A sensible question to ask is if any transformation can be written in this fashion -- as a transformation of an orthogonal basis into another orthogonal basis. Analogous to how an eigenvalue decomposition of a matrix writes it as scalings in some basis, we're looking to represent the matrix as a spiral (i.e. a scaling combined with a rotation) in some basis. But let's stick with the first formulation of our question -- for any linear transformation $A: \mathbb{R}^n \to \mathbb{R}^m$, can we find an orthogonal basis on $\mathbb{R}^n$ that is mapped to an orthogonal basis $\mathbb{R}^m$?

One could, e.g. consider the images under $A$ of the angle of each orthonormal basis in $\mathbb{R}^2$ (i.e. look at the function $AU(\theta)\vec{e}_1 \cdot AU(\theta)\vec {e}_2$ for varying $\theta$ where $U(\theta)$ is the rotation matrix by angle $\theta$) and apply the intermediate value theorem, etc. And such a proof could in principle be extended to $\mathbb{R}^n$.

(See here for a thorough explanation.)

Here's another, more insightful way you might come to prove this -- we've been visualising linear transformations so far by looking at the image of the basis vectors, but another way to do visualise these transformations is by looking at the image of the unit circle under the transformation.

Why does this make sense? Well, one can find an ellipse passing through any two vectors centered at the origin. Elaborate on this argument. Is the resulting ellipse unique? (Hint: no, unless you mark points on the circumference)
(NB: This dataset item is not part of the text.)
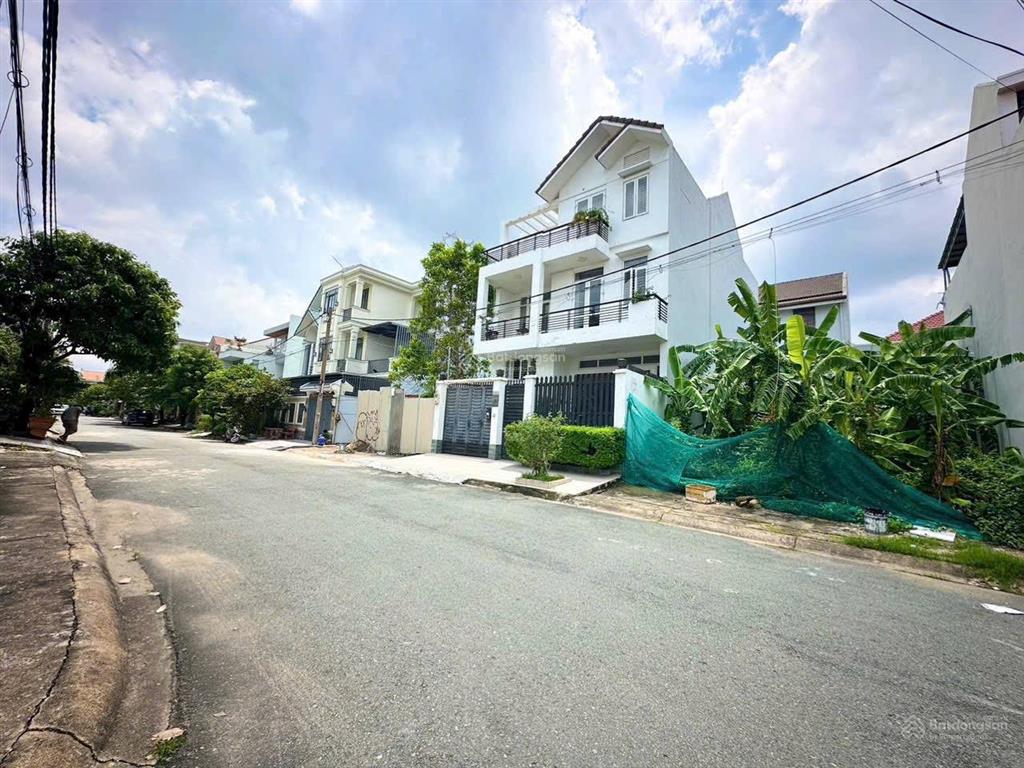 Lô đất đẹp 160m trục đường 25 giá cực kì rẻ chỉ 15 tỷ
Specifically, consider the axes of the image ellipse $\sigma_1 u_1$, $\sigma_2 u_2$ where $u_1$, $u_2$ are unit vectors. In the original unit circle, any pair of orthogonal vectors on the circle can be axes, so consider the pre-image of the axes of the image ellipse $v_1$, $v_2$.  So we have:
$$ A v_1 = \sigma_1 u_1\\
A v_2 = \sigma_2 u_2 $$
Or in general:
$$AV = U\Sigma\\
A = U\Sigma V^*$$
Where $\Sigma$ is diagonal and positive-definite, while $U$ and $V$ are orthogonal/unitary. This is called the Singular-Value Decomposition (SVD) of $A$.

In a sense, one can view this as an alternative to the eigen-decomposition. In the eigendecomposition, one looks for a single basis in which the transformation is a scaling. In the singular value decomposition, one looks at scaling and then "re-interpreting" in another basis, but requires that the bases be orthogonal, and that the diagonal matrix be positive and real-valued.
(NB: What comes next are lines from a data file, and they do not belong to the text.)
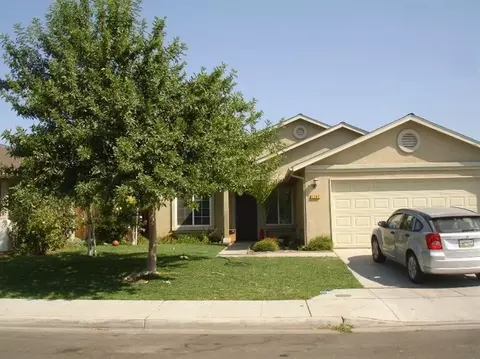 1281 Oso Dr, Madera, CA 93638 photo 2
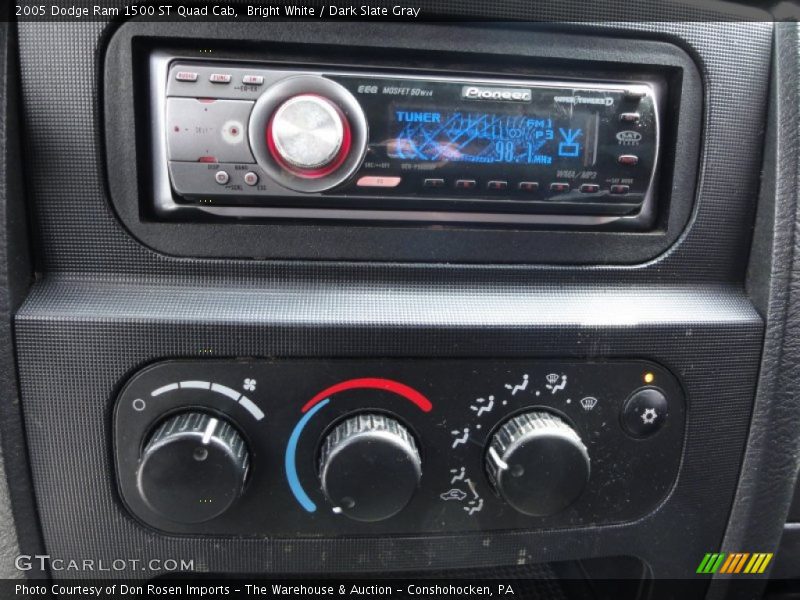 Bright White / Dark Slate Gray 2005 Dodge Ram 1500 ST Quad Cab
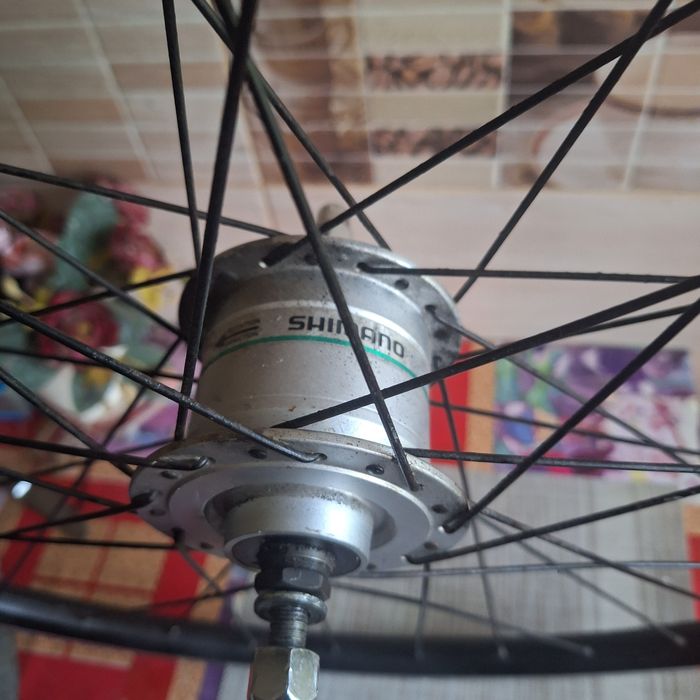 Roată spate 28" jante dublă, roata față cu dinam, furcă pe 28 cu suspensie,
The entries $\Sigma$ are called the singular values of $A$, the columns of $U$ and $V$ respectively are the left-singular vectors and the right-singular vectors of $A$ respectively.

(Exercise: You know that $\Sigma$ is the scaling of the orthogonal basis, i.e. of the right-singular basis. Convince yourself that the rotation of the basis is given by $UV^*$.)

This gives us a much better intuition for the transpose. The SVD of $A^*$ is clearly:

$$A^* = V\Sigma U^*$$
I.e. the transpose has precisely the opposite rotational effect as $A$ and the same scaling. This is as opposed to the inverse matrix, which has both the opposite rotational and scaling effect as the matrix. For a rotation matrix (or generally an orthogonal matrix $A^*A=I$), the transpose equals the inverse, analogous to how the conjugate equals the inverse for a unit complex number $\bar{z}z=1$. A Hermitian matrix, $A=A^*$, by contrast, is one for which is irrotational, $UV^*=1$, i.e. for which the SVD equals the eigendecomposition.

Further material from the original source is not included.